La scatola nera del traduttore

Exchange Place, Belfast, è una fuga. Uno spartito da suonare. Come Glenn Gould per il citato Contrapunctus xiv di Johann Sebastian Bach, Carson esegue una forma narrativa contrappuntistica e polifonica di temi esposti, sviluppati, modulati, ripresi e sovrapposti, inseriti nella cornice di due storie alternate, complementari, e al contempo inglobate l’una nell’altra, che si specchiano e si intrecciano, come elementi di una scatola rompicapo. La sua è un’opera che si fonda sul doppio e sul multiplo: due narrazioni, una in prima persona e l’altra in terza; due personaggi principali, John Kilfeather e John Kilpatrick; due città, Belfast e Parigi; due amici pittori scomparsi; due opere da scrivere, due quaderni di appunti smarriti… cornici che racchiudono un prodigioso numero di altri “doppi”, di memorie, di divagazioni dettagliate, di aneddoti, di rimandi a opere musicali, pittoriche e cinematografiche; una quantità di citazioni da libri, da documenti digitali, da traduzioni e, infine, riflessioni sull’atto stesso del tradurre.

Mi trovo in una selva intricata, dove le cose si rispondono e si confondono, sovrapponendosi, fino al più piccolo particolare: anche la lingua di Carson riflette e sottolinea il tema del doppio attraverso l’uso costante di termini di origine latina, penetrati nell’inglese durante la conquista normanna e che ancora oggi conservano l’ortografia francese, evidenziando così la duplice identità della lingua inglese. Un effetto che verifico non ripetibile, ma a cui, in qualche modo, cerco di fare eco recuperando, quando possibile, un piccolo numero di francesismi usati comunemente in italiano.

Ma non è finita. Procedo, e la complessa stratificazione testuale si riflette in una prosa piuttosto elegante e precisa che, però, ha anch’essa l’aspetto di una fuga musicale, con brani di testo che vengono ripresi in modo ciclico, a volte solo leggermente modificati. E quindi eccomi a ricercare, ritornare, reperire con la massima precisione le parti ripetute e disseminate nel testo anche in modo frammentario.
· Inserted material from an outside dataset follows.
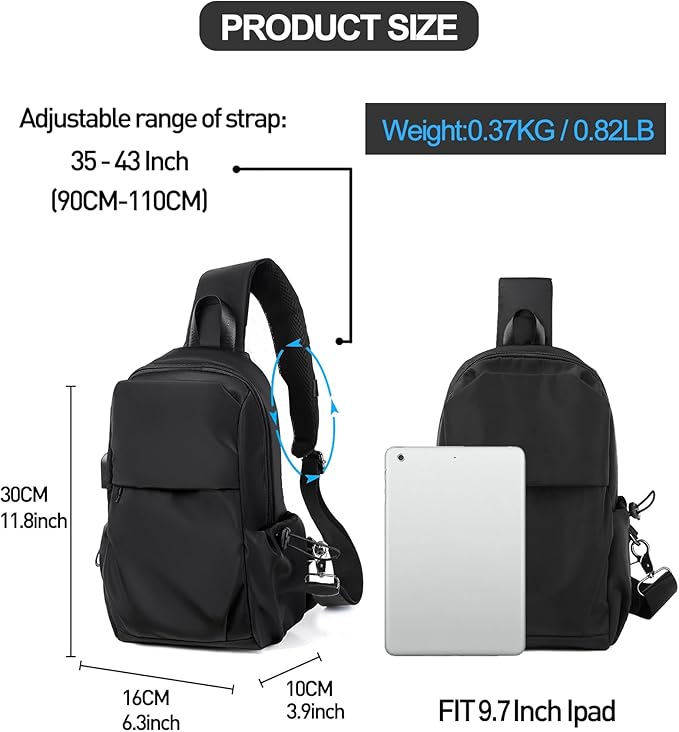 SEAFEW Small Black Sling Crossbody Backpack Shoulder Bag for Men Women, Lightweight One Strap Back Pack Sling Bag Backpack for Hiking Walking Biking Travel Cycling USB Charger Port-Nylon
Ovviamente, non mi sarei aspettata altrimenti, Exchange Place, Belfast dialoga con un numero straordinario di altri testi, citati attraverso l’inserimento di interi brani non sempre evidenziati da virgolette – sarebbe stato troppo semplice, poco coinvolgente – ma anche di “citazioni collage” che assomigliano ad appunti presi in un taccuino e, ancora, di citazioni quasi nascoste, di riferimenti appena percettibili. A volte Carson traduce dagli originali, altre volte riporta e commenta traduzioni altrui. Questo incessante fiorire di citazioni mi coinvolge e mi conquista, ma costituisce anche una delle questioni più complicate da affrontare, poiché la scelta di una traduzione libera e totale rischierebbe di limitare ulteriormente la già difficile riconoscibilità in italiano di molti rimandi intertestuali. Capisco che devo adattarmi in ogni singolo caso e decido, comunque, di tenere sempre in considerazione versioni italiane già in uso, qualora fossero presenti e disponibili, nella speranza di sollecitare il più possibile l’orecchio del lettore, per quanto ardua si mostri l’impresa, data la presenza, spesso, di più traduzioni di un stesso testo. E per la stessa necessità di riconoscibilità e di eco, soprattutto nel caso di autori ampiamente conosciuti come, per esempio, Walter Benjamin, William Shakespeare, John Donne o san Giovanni, scelgo di non discostarmi troppo o, anche, di ancorarmi a traduzioni già esistenti.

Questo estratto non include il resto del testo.